The Johannesburg Stock Exchange (JSE), Africa’s largest and most established stock market, has been formally referred to the Competition Tribunal by South Africa’s Competition Commission following allegations of exclusionary conduct that may have hindered fair competition in the domestic financial markets. The Commission’s referral, made public on 9 November 2025, follows a protracted investigation that began with a 2022 complaint by alternative exchange A2X Markets.

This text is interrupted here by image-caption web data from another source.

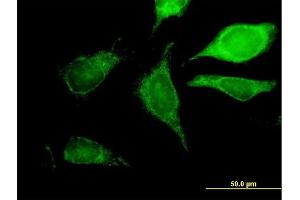 Immunofluorescence of purified MaxPab antibody to GCDH on HeLa cell. (GCDH 抗体  (AA 1-438))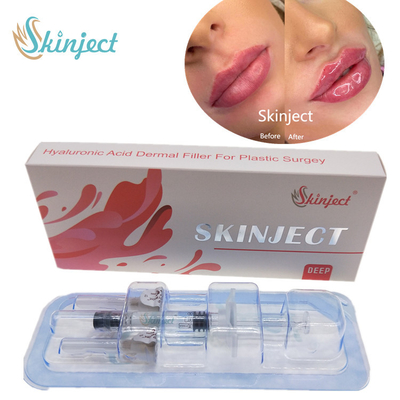 Skinject Deep Hyaluronic Acid Dermal 2ml Chất làm đầy môi có thể tiêm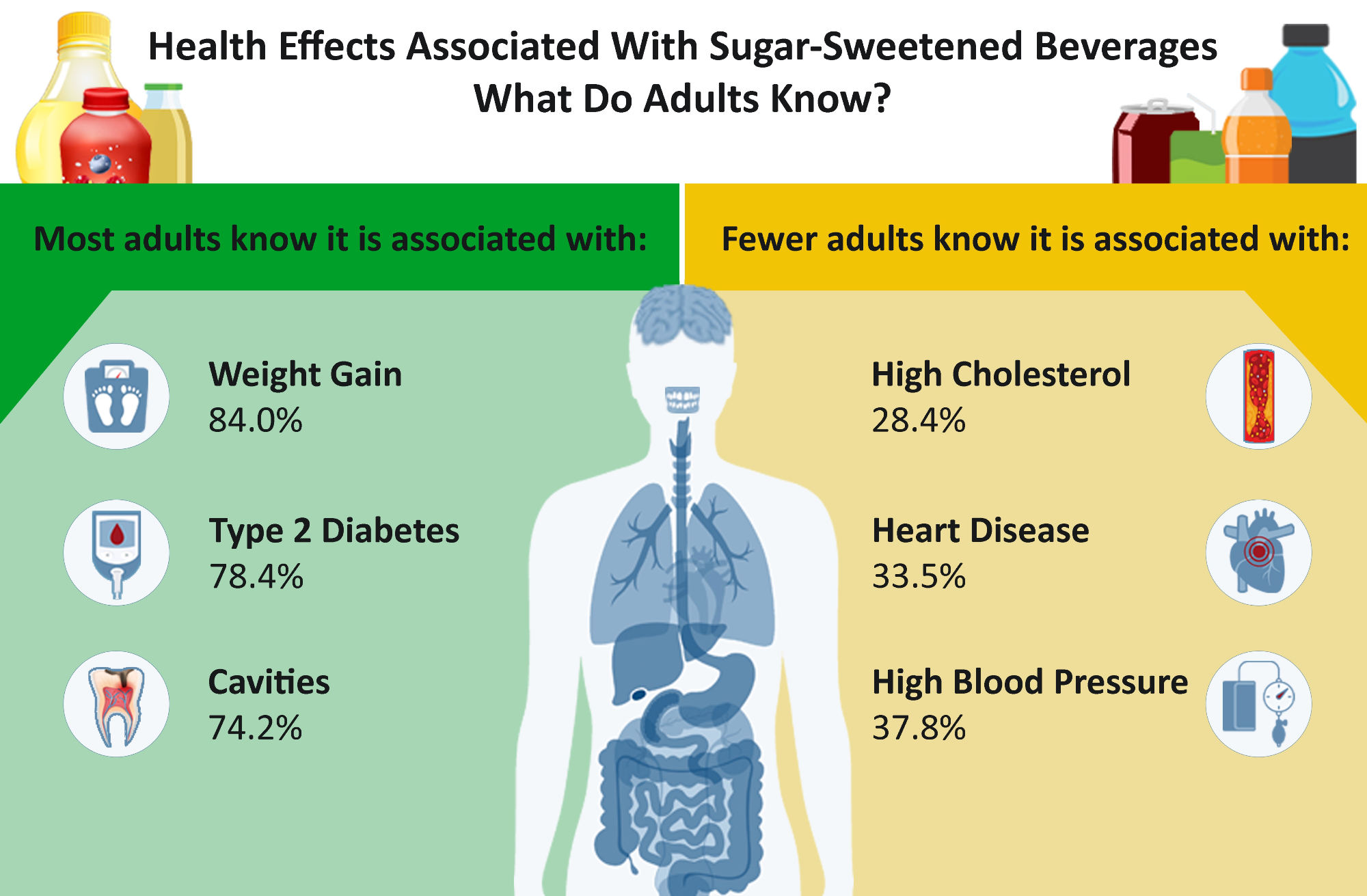 Study: Associations Between Knowledge of Health Conditions and Sugar-Sweetened Beverage Intake Among US Adults, 2021.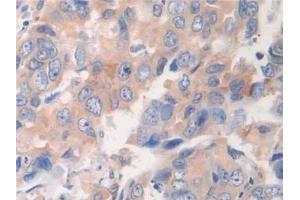 Detection of ETFb in Human Breast cancer Tissue using Polyclonal Antibody to Electron Transfer Flavoprotein Beta Polypeptide (ETFb)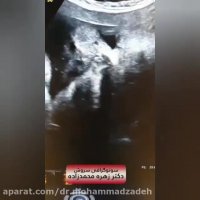 فیلم سونوگرافی صورت جنین دختر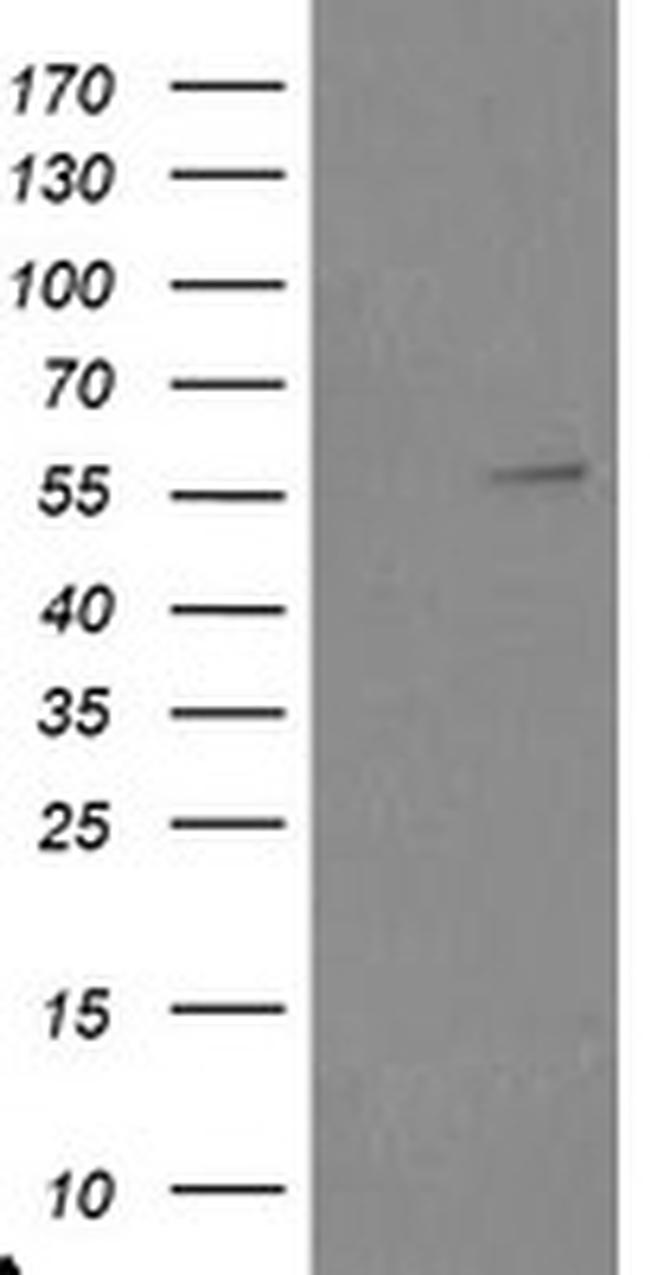 TRAIP Antibody in Western Blot (WB)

According to the court documents filed on 1 October and reviewed by The Southern African Times, the Competition Commission has alleged that the JSE implemented anti-competitive practices in breach of the Competition Act. Central to these claims is the JSE’s mandatory use of its internal Broker Dealer Accounting (BDA) system, a proprietary trade management platform. The Commission contends that this system’s compulsory use by market participants has created structural barriers for new entrants, notably for secondary exchanges such as A2X, which cannot fully integrate with the JSE’s infrastructure due to incompatibility.
The Commission also raised concerns regarding the handling of Matched Principal Trades (MPT) — a mechanism allowing brokers to act as intermediaries on behalf of both the buyer and seller. The regulator alleges that while the JSE permits these trades to be executed on the JSE platform and later migrated to A2X, it restricts brokers from consolidating and settling such trades originating from A2X’s platform. This asymmetrical treatment, the Commission argues, entrenches the JSE’s dominant market position while impeding operational flexibility for smaller competitors.

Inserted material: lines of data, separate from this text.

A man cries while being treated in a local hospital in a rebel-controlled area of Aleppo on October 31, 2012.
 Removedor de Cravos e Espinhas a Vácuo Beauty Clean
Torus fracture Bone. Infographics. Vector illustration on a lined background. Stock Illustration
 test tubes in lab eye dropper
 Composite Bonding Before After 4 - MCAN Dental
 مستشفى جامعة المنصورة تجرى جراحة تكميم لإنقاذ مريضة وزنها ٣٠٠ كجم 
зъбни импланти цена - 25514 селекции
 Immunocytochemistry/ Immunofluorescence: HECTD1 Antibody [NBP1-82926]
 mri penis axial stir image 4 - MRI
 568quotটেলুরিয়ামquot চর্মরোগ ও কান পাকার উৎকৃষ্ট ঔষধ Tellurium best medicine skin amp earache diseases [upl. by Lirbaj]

In response to the allegations, the JSE issued a formal statement affirming its intention to contest the referral. The exchange described the claims as “without merit” and confirmed that a plea would be filed in early 2026. The JSE further stated that it had sought legal advice and maintained that its practices were fully compliant with applicable regulatory standards.
While the Commission is seeking a financial penalty of up to 10% of the JSE’s annual turnover — a significant sanction in both financial and reputational terms — the broader implications of this referral resonate beyond South Africa’s borders. As more African countries seek to deepen and diversify their capital markets, the case raises pertinent questions about market access, infrastructure interoperability, and regulatory equity in the broader pan-African financial ecosystem.
The emergence of platforms such as A2X represents a growing shift toward decentralised and competitive trading environments across Africa. These alternatives seek to reduce transaction costs, enhance price discovery, and improve investor access — goals aligned with the African Continental Free Trade Area’s (AfCFTA) ambitions for intra-African financial integration. In this context, ensuring competitive fairness becomes essential not only to domestic regulatory integrity but also to the broader continental agenda of inclusive and equitable economic development.
The Competition Commission’s action reflects a wider regulatory trend across Africa, where authorities are increasingly scrutinising monopolistic practices that may hinder innovation, growth, and inclusive participation. Whether this case sets a precedent for similar probes across African financial systems remains to be seen, but it underscores a shift toward a more transparent and dynamic market architecture.
While the legal process will unfold over the coming months, its outcome may play a decisive role in shaping the landscape of financial market competition in South Africa and beyond. The stakes are high — not only for the JSE and A2X but also for the broader trajectory of how Africa builds resilient, inclusive, and decentralised financial ecosystems that serve the continent’s complex and interconnected economies.